Kondisi pengadilan umum tersebut ke depan semakin parah seiring dengan kondisi Mahkamah Agung (MA) yang cenderung dinilai banyak pihak berjalan mundur. Ada kesan bahwa MA ke depan akan semakin sarat dengan beban politik dan "utang jasa" kepada banyak pihak atas disahkannya UU MA yang menetapkan masa pensiun hakim agung 70 tahun.

Lolosnya usia pensiun hakim agung 70 tahun tidak mungkin lepas dari peran banyak pihak yang terkait dengan korupsi. Sebab, secara empiris, putusan-putusan kasus korupsi yang ditangani pengadilan negeri di berbagai daerah dan pusat (Jakarta) sejak bergulirnya reformasi, mayoritas pada 2009, akan memasuki meja MA (kasasi).
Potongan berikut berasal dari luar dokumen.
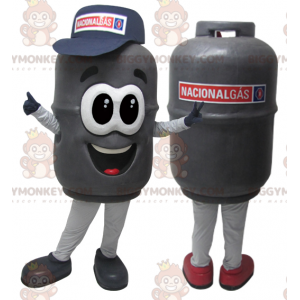 Costume de mascotte BIGGYMONKEY™ de bouteille de gaz grise très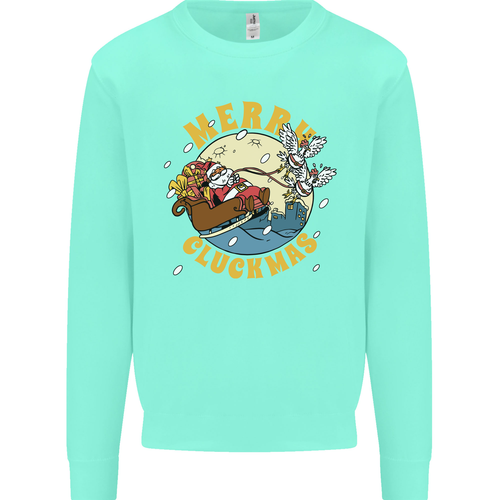 Funny Chickens Merry Cluckmas Kids Sweatshirt Jumper - Picture 86 of 97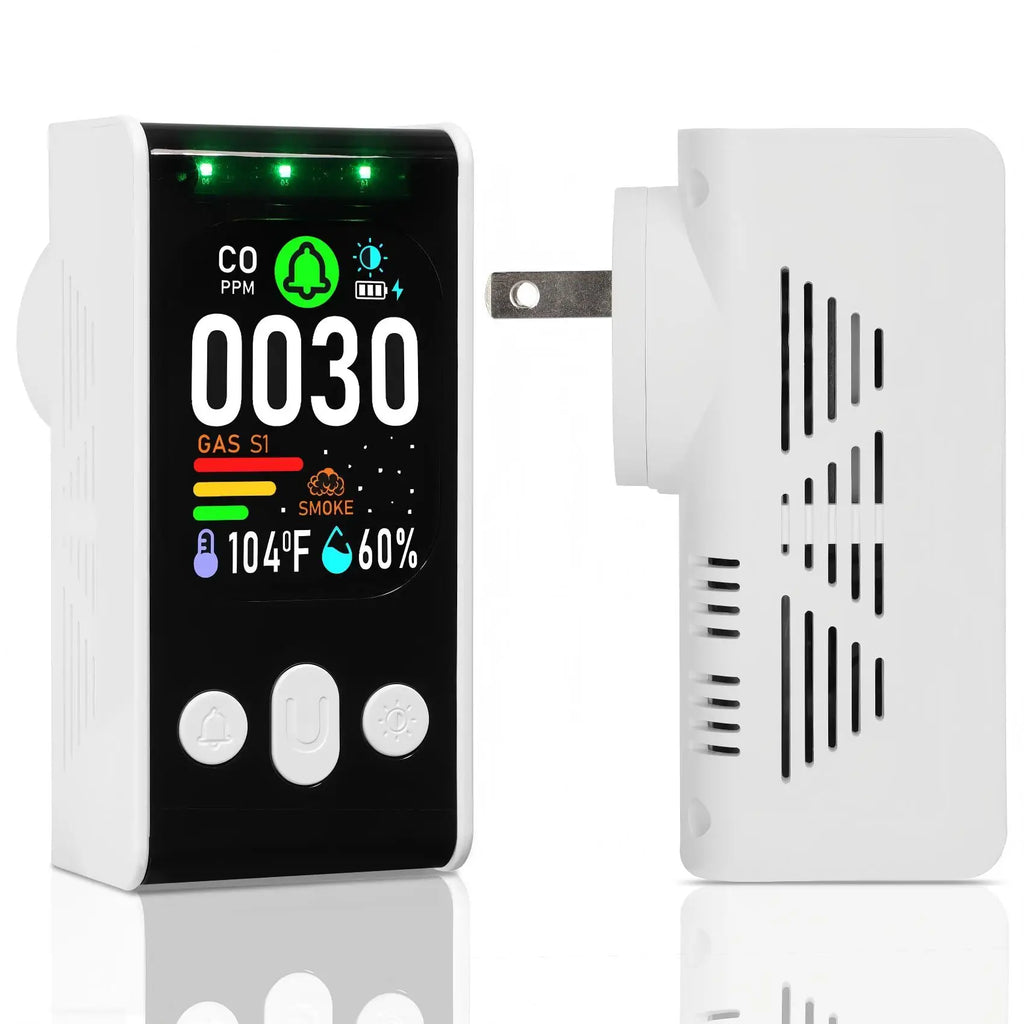 5-in-1 Multi-Sensor Gas Smoke CO Detector With Battery Backup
Kita memang belum bisa memberikan justifikasi MA pasti akan membayar dengan putusan-putusan ringan atau membebaskan bagi para koruptor. Tetapi, sebagai bangsa yang menghendaki korupsi diberantas secepatnya, kita patut curiga atas fenomena politik seperti ini.

Mencemaskan
Secara matematis, waktu kurang dari tiga bulan adalah waktu yang amat sempit untuk bisa menyelesaikan sebuah RUU yang cukup penting dan krusial itu. Apalagi, dalam waktu tiga bulan itu pula, anggota DPR harus melakukan kampanye untuk Pemilu 2009. Jelas, mereka akan lebih mementingkan mengunjungi calon pemilih daripada berjibaku duduk di kursi parlemen untuk menyelesaikan RUU tipikor.

Kesibukan di luar gedung DPR tersebut tak terelakkan. Sebab, mereka semua ingin terpilih kembali untuk bisa duduk di kursi empuk itu. Keinginan tersebut tidak bisa diperoleh dengan santai-santai seperti pemilu yang lalu. Saat itu, penentuan calon menjadi lewat nomor urut. Bila nomor urut sudah dikantongi, setidaknya sudah nyicil ayem terlebih dahulu.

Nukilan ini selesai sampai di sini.